4月から先発陣に故障者や不調が相次ぎ、中継ぎ陣の負担が増した中、出色の出来を見せたリリーバーがいる。9年目右腕の
中川虎大だ。150キロ超の直球と得意のフォークボールによるコンビネーションでバットに空を切らせ、高い奪三振率を誇る。「普通に投げていれば大丈夫」と自信をにじませる。
5月9日の
阪神戦(甲子園)では、3対1と逆転した直後の8回から3番手で登板し、1回無失点。先頭の
森下翔太、続く
佐藤輝明を立て続けにフォークで三振に仕留めると、最後は
前川右京を直球で詰まらせて二ゴロに。勝ちパターンの一角として堂々たる投球を見せた。
和歌山・箕島高から2018年に育成ドラフト1位で
DeNAに入団。19年に支配下登録され、24年は31試合、昨年は30試合に登板した。今季は開幕から交流戦まで17試合に投げて1失点。「強いチームは勝ちパターンが固定されている。しっかり自分のポジションにできるように」と口元を引き締める。
生命線のフォークは落差抜群。春先はリリースで手首が寝ていたといい、バックスピンがかかった影響から落ちが甘くなっていたと分析する。

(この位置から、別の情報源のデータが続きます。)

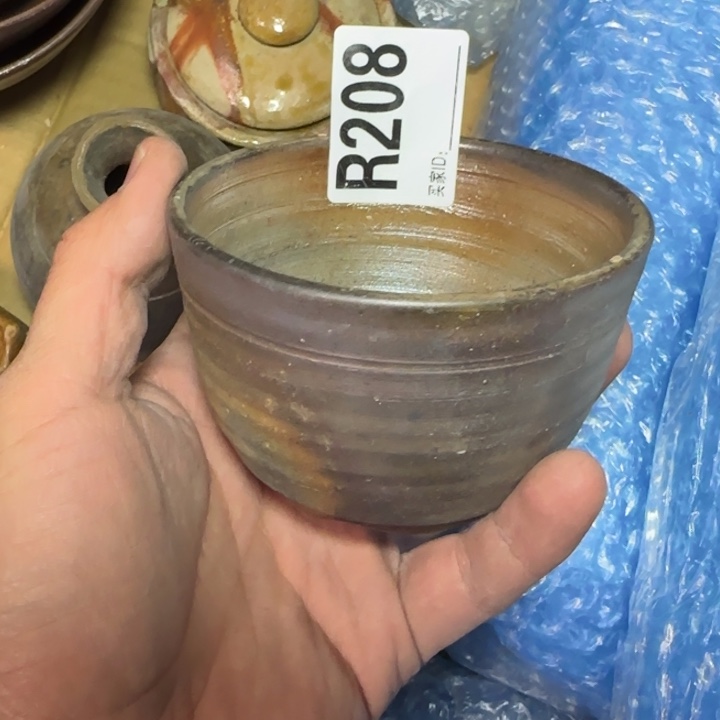 备前烧作品备前烧作品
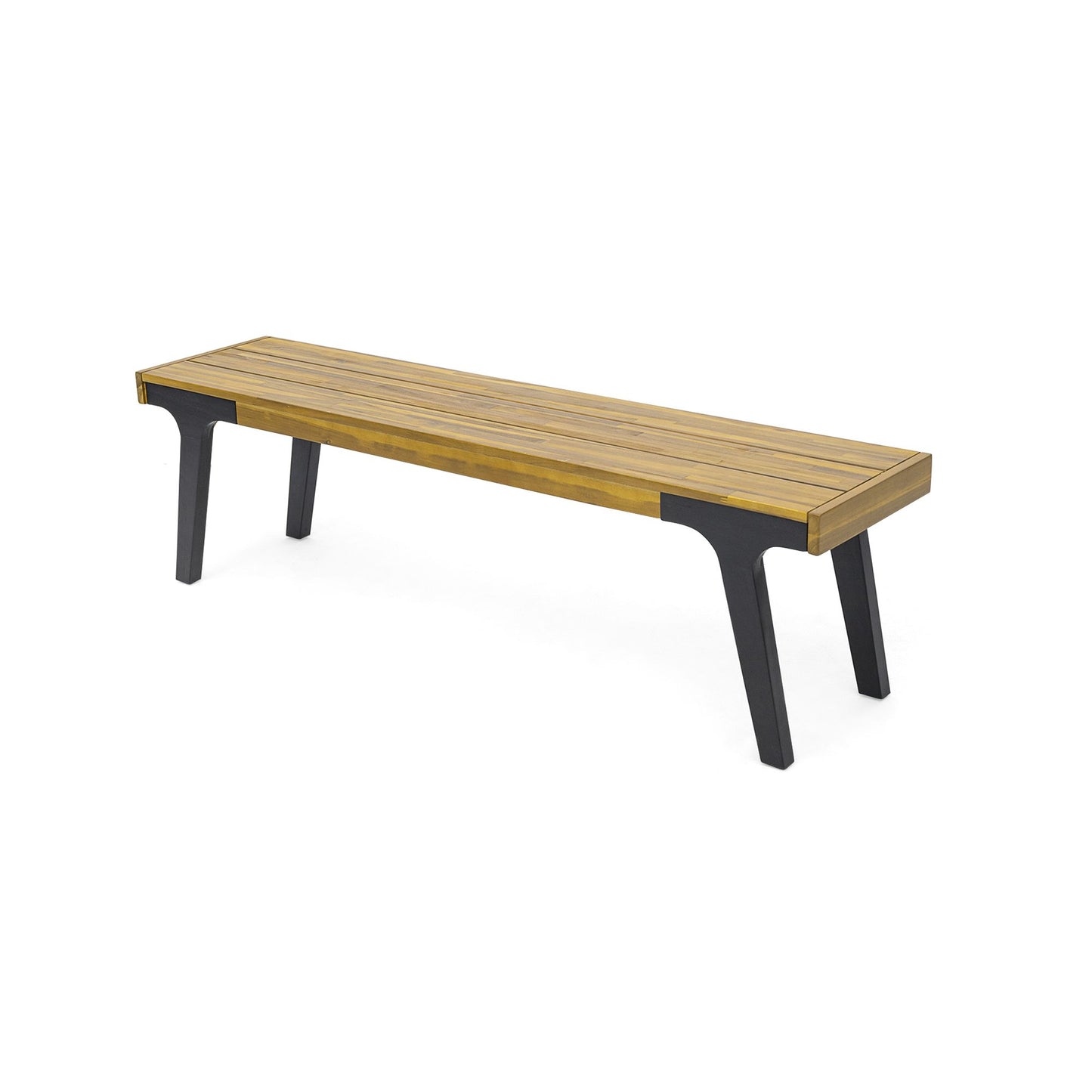 BENCH( SET OF 2 ) image 13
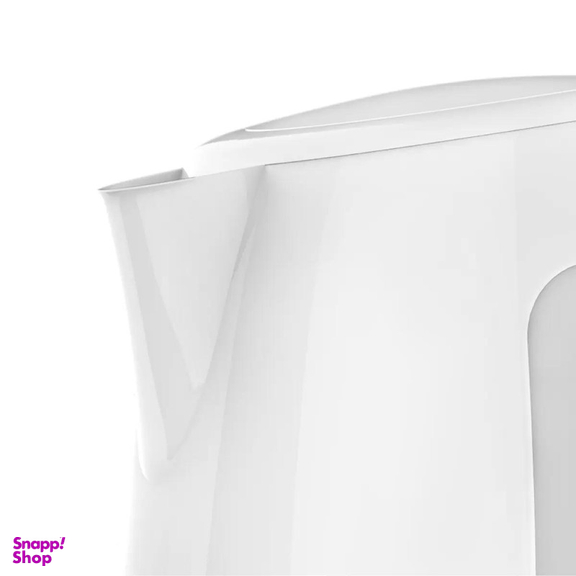 کتری برقی بلک اند دکر مدل JC190W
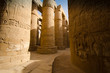 Great Hypostyle Hall of Karnak Great Hypostyle Hall of Karnak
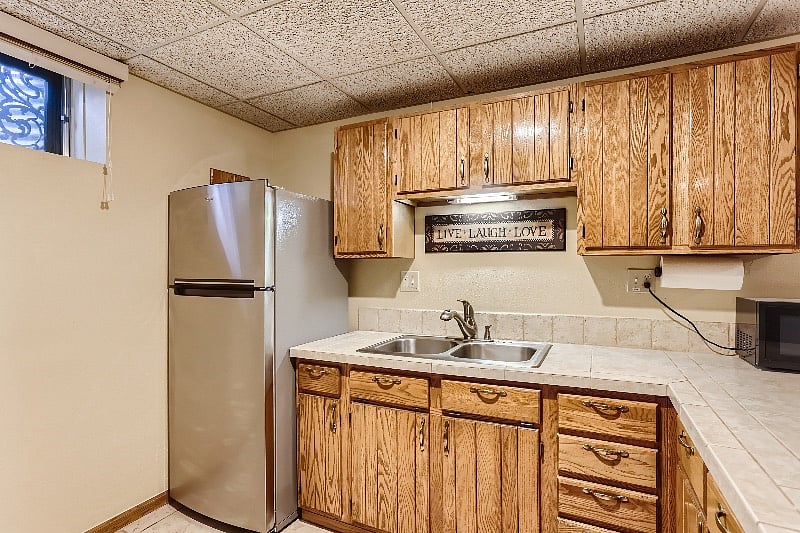 Furnished Finder property 503424_1 photo 8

キャッチボールから修正を図り、本来の鋭さを取り戻した。開幕こそ二軍で迎えたが、4月上旬に出場選手登録されてから着実に前進してきた。
球団から将来的に抑えを担えると潜在能力を買われる26歳。「一軍に1年間いれば50試合、60試合という数字が見えてくる」。ブルペンに欠かせぬ存在に飛躍を遂げ、チームを支える。